Avoiding the Misinformed
Programmers often spend more time un-doing bad information than using good information. One of the comments that set me off recently was someone “explaining” to others on a blog why PHP was not an object oriented language. Then he continued to blather on about the difference between compiled and interpreted languages. Whether or not a language is compiled or not has nothing to do with whether or not it is an object oriented language. Having interfaces, classes and communication between objects are the key criteria of an OOP language, and certainly since PHP5 has been a full-fledged OOP language. (We PHPers should not feel singled out because I recently saw post where a Java programmer pronounced that neither Python nor Perl were OOP, and she was “informed” otherwise by irate Python programmers. Perl has been OOP since V5.) So here I am again wasting time grumbling about people who don’t know what they’re talking about.
Instead of frothing at the mouth over the misinformed, I decided to spent more time with the well-informed. To renew my acquaintance with algorithms I began reading Algorithms 4th Ed. (2011) by Sedgewick and Wayne. Quickly, I learned some very basic truths about algorithms that had been only vaguely floating around in my head.

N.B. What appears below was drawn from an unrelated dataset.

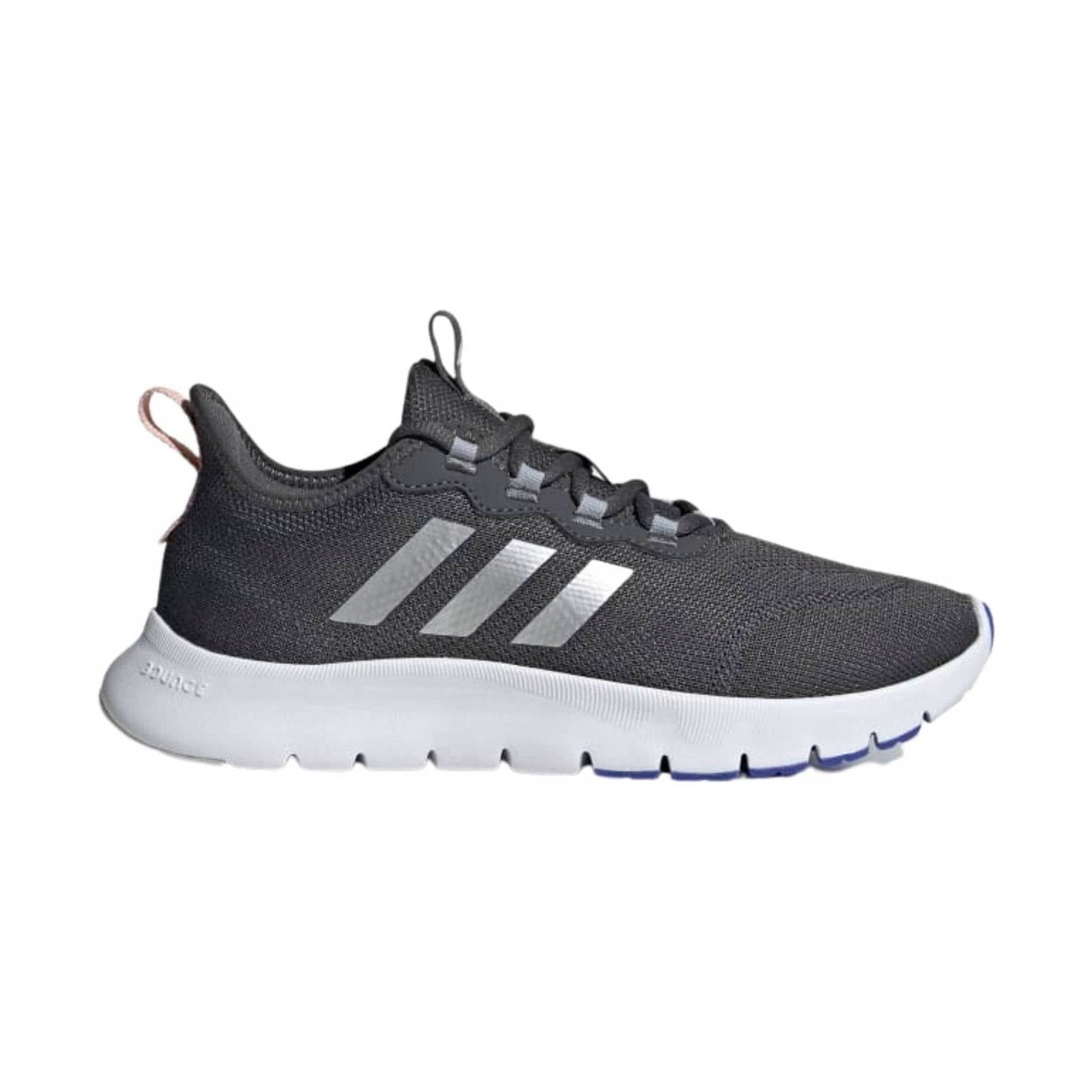 Adidas Women's Nario Move - Grey Six / Matte Silver / Vapour Pink by Lenny's Shoe & Apparel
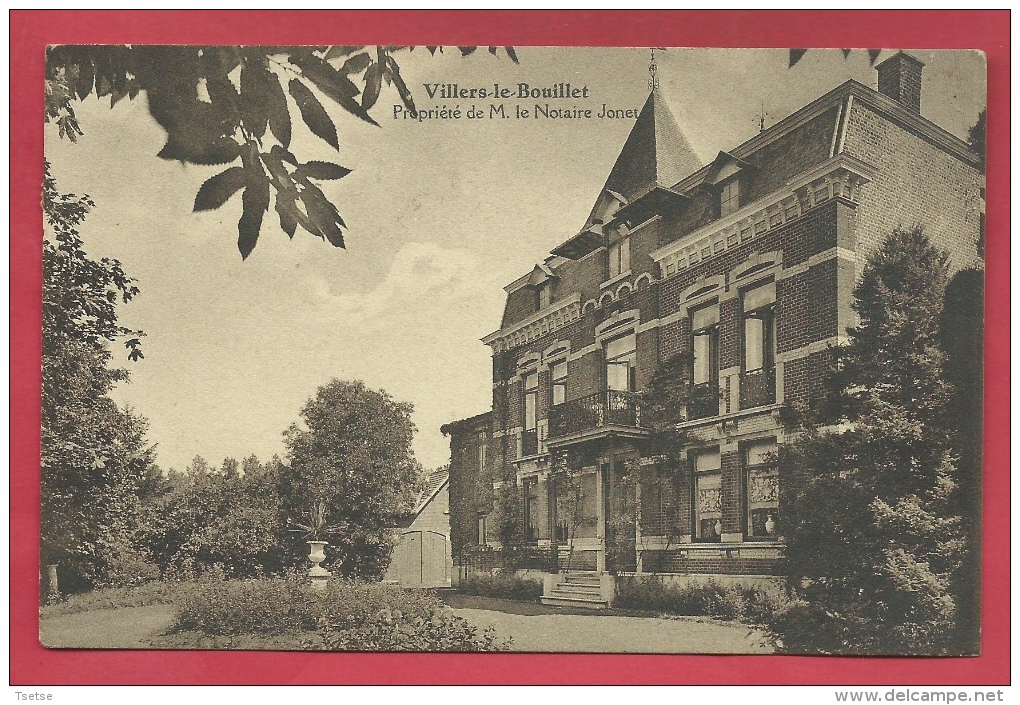 Villers-le-Bouillet - Propriété De M. Le Notaire Jonet - 1938 ( Voir Verso ) - Villers-le-Bouillet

First and foremost are the following:
Bad programmers worry about the code.
Good programmers worry about data structures and their relationships.
—Linus Torvalds (Creator of Linux)
Since we’ve been spending time on this blog acting like good programmers, that was reassuring. In this post, I’d like to look at two things that are important for developing algorithms: 1) What to count as a “cost” in developing algorithms, and 2) Identifying good and bad algorithmic models. First, though, play and download the example. Using two different algorithms, a logarithmic and a linear (both pretty good ones), I’ve added “dots” to loop iterations to visually demonstrate the difference between a logarithmic algorithm (binary search) and a linear algorithm (loop). The “expense” of the algorithm can be seen in the number of dots generated.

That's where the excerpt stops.